Per dirla in un altro modo, le sezioni cittadine leghiste pretendono di essere considerate per quelle che sono in forza della maggioranza relativa dei voti. Almeno fino a prova contraria delle urne. Dalle quali, il 20 e 21 settembre, usciranno indicazioni precise sui rapporti di forza. Luino, è vero, non è il test più significativo del Varesotto, ma saranno comunque apprezzabili i suoi risultati complessivi se comparati e aggiunti a quanto accadrà a Somma Lombardo, Saronno e, pur fuori provincia, nelle vicina Legnano.

La lettura degli esiti elettorali fornirà indicazioni esatte per l’anno prossimo, quando si voterà a Varese, Gallarate e Busto Arsizio. Senza dimenticare il passaggio elettorale, probabilmente entro dicembre, per Villa Recalcati, dove il voto di secondo livello (si esprimono soltanto gli eletti nei Comuni) potrebbe riservare ampie sorprese. Nel conteggio finale vanno aggiunte le liste civiche, che si agitano un po’ dappertutto, anch’esse con velleità di condizionare gli schieramenti e con l’idea di fungere da ago della bilancia. Liste civiche formate in buona parte da fuoriusciti dai partiti, politici delusi dalle loro esperienze e che, con la scusa di “non riconoscersi più in questa politica”, indossano la casacca civica. Una finta casacca, possiamo dire, perché rimangono tutti a fare politica prendendola semplicemente da un’altra parte.

Lasciamo correre. Il centrodestra varesino deve insomma trovare una vera unità, riuscendo a superare in primis i personalismi che finiscono per mortificarlo. E coi personalismi le aspettative, più o meno legittime, dei partiti. Non sempre e non tutti coerenti con i loro presupposti ideologici (liste civiche) e in alcuni casi spiazzati da situazioni contingenti, che ne hanno ridotto autorevolezza e capacità di interlocuzione. Vedi Forza Italia. Per quanto riguarda Fratelli d’Italia molto dipenderà dagli sbocchi elettorali di settembre, in sede locale ma anche e soprattutto nelle Regioni in cui si vota. Un successo alle urne di FdI, come indicano i sondaggi, significherebbe ridiscutere gli equilibri anche a Varese e provincia.
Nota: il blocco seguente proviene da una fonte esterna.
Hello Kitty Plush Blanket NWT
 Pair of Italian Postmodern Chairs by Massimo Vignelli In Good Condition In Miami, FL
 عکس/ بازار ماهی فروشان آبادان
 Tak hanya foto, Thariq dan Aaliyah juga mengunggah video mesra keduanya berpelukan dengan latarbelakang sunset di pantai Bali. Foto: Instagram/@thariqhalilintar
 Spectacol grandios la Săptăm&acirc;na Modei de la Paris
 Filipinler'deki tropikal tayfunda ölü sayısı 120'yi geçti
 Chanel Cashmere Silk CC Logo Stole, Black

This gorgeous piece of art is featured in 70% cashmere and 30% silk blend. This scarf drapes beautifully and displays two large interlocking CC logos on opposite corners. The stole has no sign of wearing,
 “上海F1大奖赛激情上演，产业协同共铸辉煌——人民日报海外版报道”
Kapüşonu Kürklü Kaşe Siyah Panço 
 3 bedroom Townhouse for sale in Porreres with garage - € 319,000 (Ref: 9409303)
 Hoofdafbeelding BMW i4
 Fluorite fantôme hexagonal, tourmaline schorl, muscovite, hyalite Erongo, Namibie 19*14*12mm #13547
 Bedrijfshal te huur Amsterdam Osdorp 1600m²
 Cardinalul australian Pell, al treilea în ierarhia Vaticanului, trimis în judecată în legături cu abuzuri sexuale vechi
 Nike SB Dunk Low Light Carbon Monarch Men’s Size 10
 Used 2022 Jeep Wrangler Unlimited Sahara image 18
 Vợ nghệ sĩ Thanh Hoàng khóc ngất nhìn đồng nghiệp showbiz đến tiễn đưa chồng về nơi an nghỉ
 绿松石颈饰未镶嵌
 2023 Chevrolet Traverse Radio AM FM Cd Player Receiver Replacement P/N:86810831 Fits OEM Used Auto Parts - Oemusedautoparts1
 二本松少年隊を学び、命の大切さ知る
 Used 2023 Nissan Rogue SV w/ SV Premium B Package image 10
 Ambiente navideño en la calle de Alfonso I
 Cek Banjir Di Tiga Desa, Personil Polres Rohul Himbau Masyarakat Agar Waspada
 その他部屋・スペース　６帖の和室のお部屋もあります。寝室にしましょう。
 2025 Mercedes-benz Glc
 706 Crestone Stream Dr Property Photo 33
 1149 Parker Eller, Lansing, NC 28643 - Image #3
Lo scenario a centrodestra dovrebbe in teoria favorire i partiti di sinistra. Che però non danno la sensazione di marciare compatti. L’esempio scellerato di Legnano (tutti divisi alla meta) è un potente regalo ai loro avversari. Tanto più in un territorio che guarda da sempre alla sinistra con evidente fastidio, nonostante i segnali che arrivano dalle valli del Luinese e che, perlomeno sulla carta, dovrebbero annunciare sconquassi che, alla fine, non ci saranno. Per un motivo: le decisioni per il futuro politico del Varesotto e delle sue città si prendono e si prenderanno altrove. Piaccia oppure no.